Wersja do druku

2 strony: < 1 2

Avatar użytkownika
Stara Gwardia
Nową czy używaną... To dylemat...

O ile nie zastanawiałabym się długo nad kupnem używanej maszyny za 100 - 150 zł, to miałabym problemy z sięganiem na wyższą półkę...

Może, no może gdyby maszynę sprzedawał mechanik, który dawałby na nią gwarancję, albo gdyby maszyna była jeszcze przynajmniej przez rok na gwarancji...

Ania
Dzisiaj zwróciłam uwagę na ogłoszenie sprzedaży Husqvarny Daisy 335 sprawnej za 250 zł i zaczęłam się zastanawiać ile wynosi żywotność współczesnych maszyn i czy jest sens kupować 10-letnie maszyny, które były normalnie, czyli intensywnie używane. Ile one jeszcze pociągną? Jak myślicie? Oddzielam od tego maszyny, które mają 40 lat i więcej, bo to inna kategoria.
Avatar użytkownika
Stara Gwardia
Witaj!!!

Co raz wiecej milosniczek patchworkow :hejka: - nie bede sie juz czula osamotniona;)

Jesli planujesz szyc patchworki to przy wyborze maszyny zwroc uwage na odleglosc igly od ramienia - jak bedziesz musiala przepikowac narzute 2m x 2m to przy malej odleglosci bedzie ciezko (co nie znaczy, ze jest to niemozliwe :) ), uzyteczne tez beda stopka kroczaca - ulatwia pikowanie trzech warstw i stopka do pikowania.

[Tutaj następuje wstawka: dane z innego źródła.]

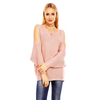 Pullover Bisous Project S564 Rosa - One Size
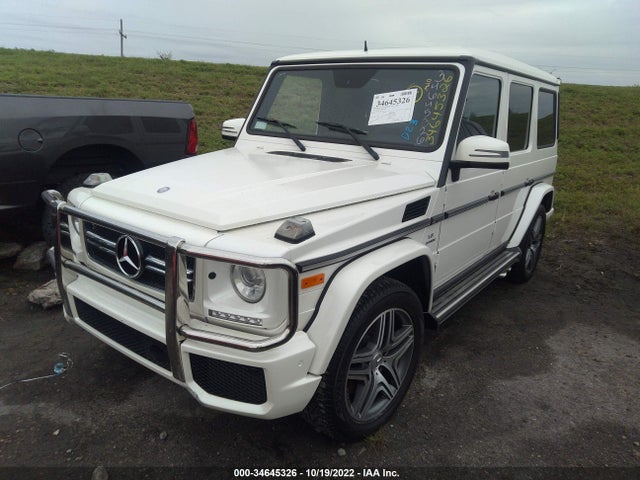 2015 Mercedes-Benz G-Class, VIN: WDCYC7DF8FX236228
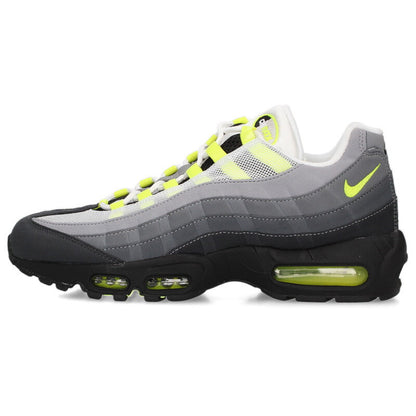 NIKE Air Max 95 OG Neon Yellow CT1689-001 Size 10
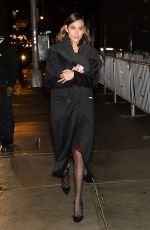 ALEXA CHUNG at Altuzarra Fashion Show at New York Fashion Week 02/12/2017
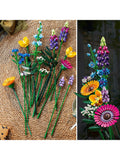 LEGO Wildflower Bouquet building set 939 pieces, imported from the UK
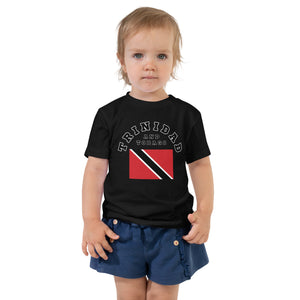 Trinidad and  Tobago Toddler Short Sleeve Tee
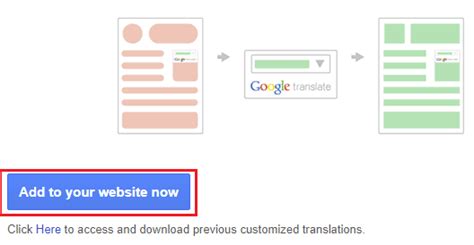 First Of All Go To Google Translate Management Page And Click On The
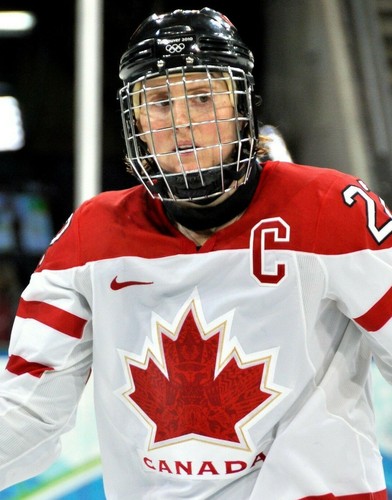 Hayley wickenheiser team - hayley,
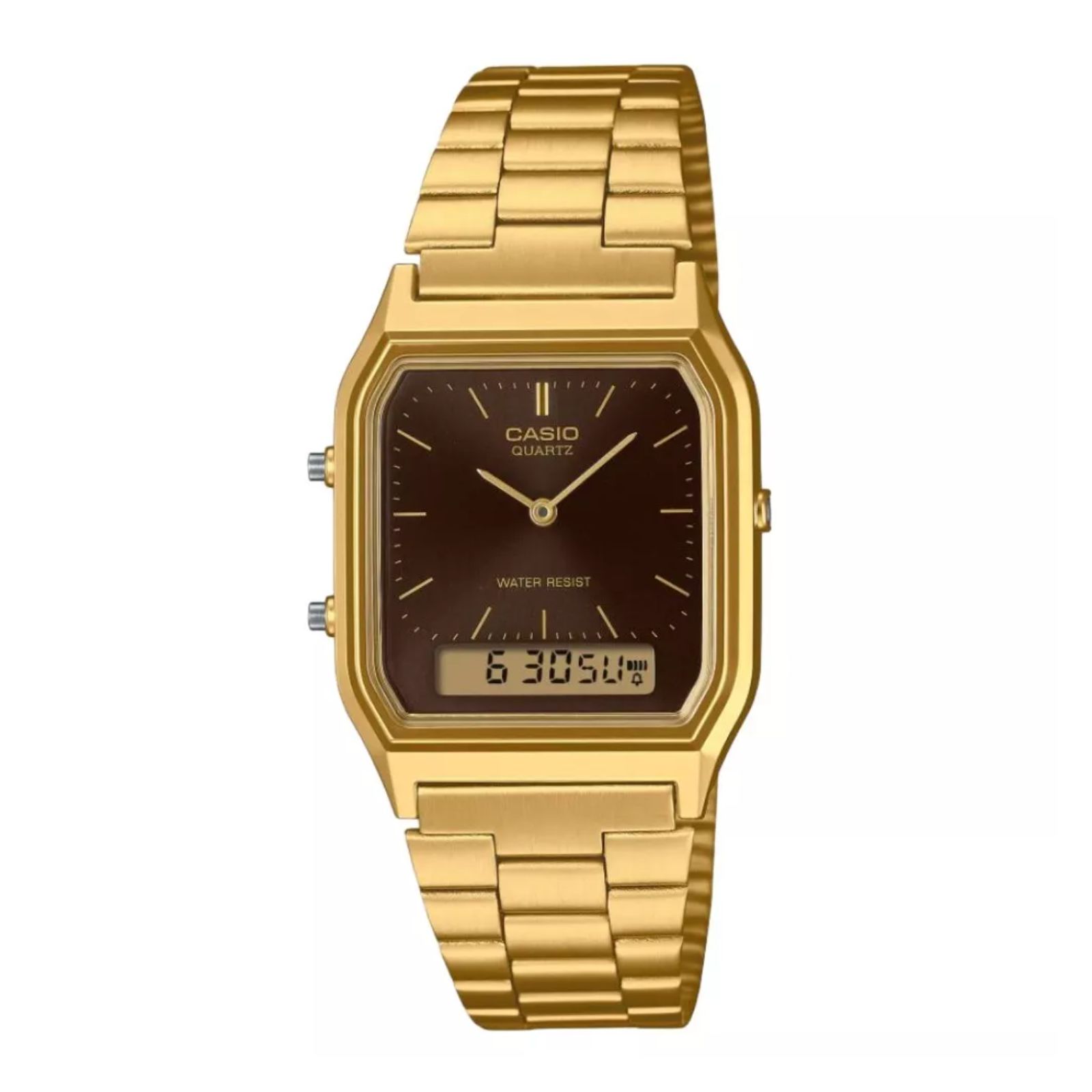 RELOJ CASIO AQ-230GA-5AMQYDF UNISEX QUARTZ - 1
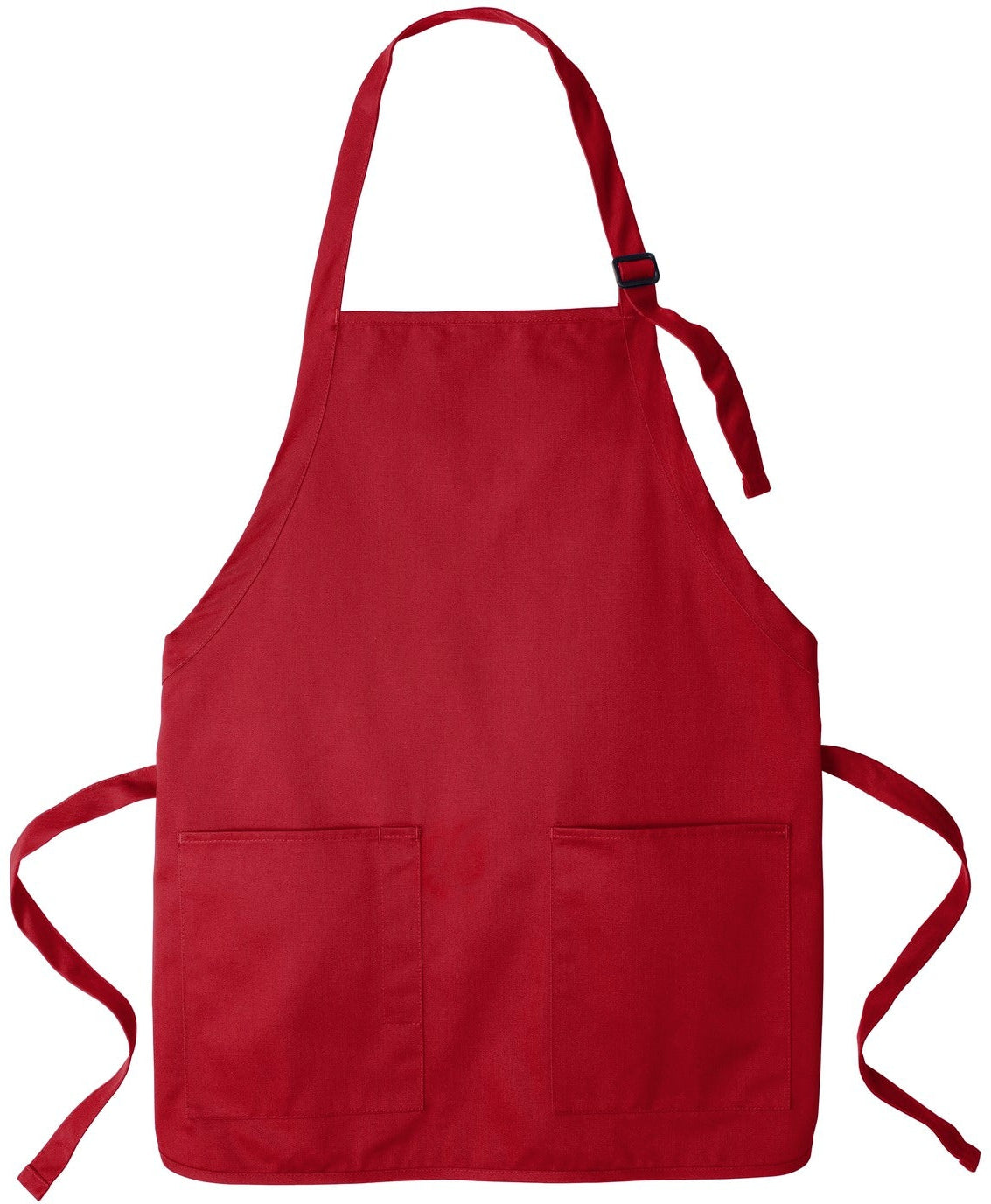 Port Authority Medium-Length Two-Pocket Bib Apron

Literki moim skromnym zdaniem sa przereklamowane, w wiekszosci maszyn nie mozesz ich powiekszac, polski alfabet istnieje chyba tylko w Janome TXL607 - generalnie jak potrzebujesz cos wyhaftowac to albo hafciarka albo igla, mulina, tamborek, naparstek i do pracy;))
________________________________________________________
Porządek powinien brać przykład z bałaganu i robić się sam.
Avatar użytkownika
Świeżynek
Dobre:)
Ale bardzo dziękuję Wam Dziewczyny za podpowiedzi:) "Ikk " - dzięki za konkrety :buzki: Jak nie stanę z maszyną ( a stoję na razie jak wryta) to osamotniona nie będziesz:D. Z literkami to faktycznie racja- może kiedyś "dorosnę" finansowo do hafciarki... Mulina i tamborek nie straszne bo bardzo kiedyś lubiłam wyszywanie ale to jeszcze takie poniekąd dziecinne było. Podrzucajcie Laski proszę swoje typy maszyn. Dla przypomnienia 1) CICHA i w miarę bezawaryjna; 2) bezproblemowa z pikowaniem kilku warstw; 3) spory wybór ściegów; 4) i za Ikk - duża odległość od ramienia. Zaczynam dokładać do "budżetu" więc po poczytaniu "Czeremchy" chyba postawię jednak na nową- powiedzmy w takim układzie, że do wydania będzie 2 tys.Na jesień chciałabym już ruszyć więc trochę czasu sobie daję żeby jakąś promocję ustrzelać, materiały zbierać a w jesienny wieczór podłączyć wtyczkę i haśta.
No strasznie mnie zachwyciły te słodkie, pastelowe kołderki... Drogo wyjdą...:beczy:
Avatar użytkownika
Zaaklimatyzowany
Witajcie:)
Ikk podpowiedziałas koleżance o przydatnych stopkach do pikowania zatem poprosze o podpowiedz gdzie najlepiej sie w nie zaopatrzyć, czy w jakimś sklepie internetowym czy na allegro...i czy bez tych stópek dam radę pikować tego mojego patchworka:-S/ Ja mam maszyne SINGER 8280...to powinnam szukać jakis konkretnych czy to wszystkie pasują up (proszę się nie śmiać z moich pytań:):stres:

Anka;)
Avatar użytkownika
Stara Gwardia
Chyba potrzebujemy oddzielnego watku o patchworkach :)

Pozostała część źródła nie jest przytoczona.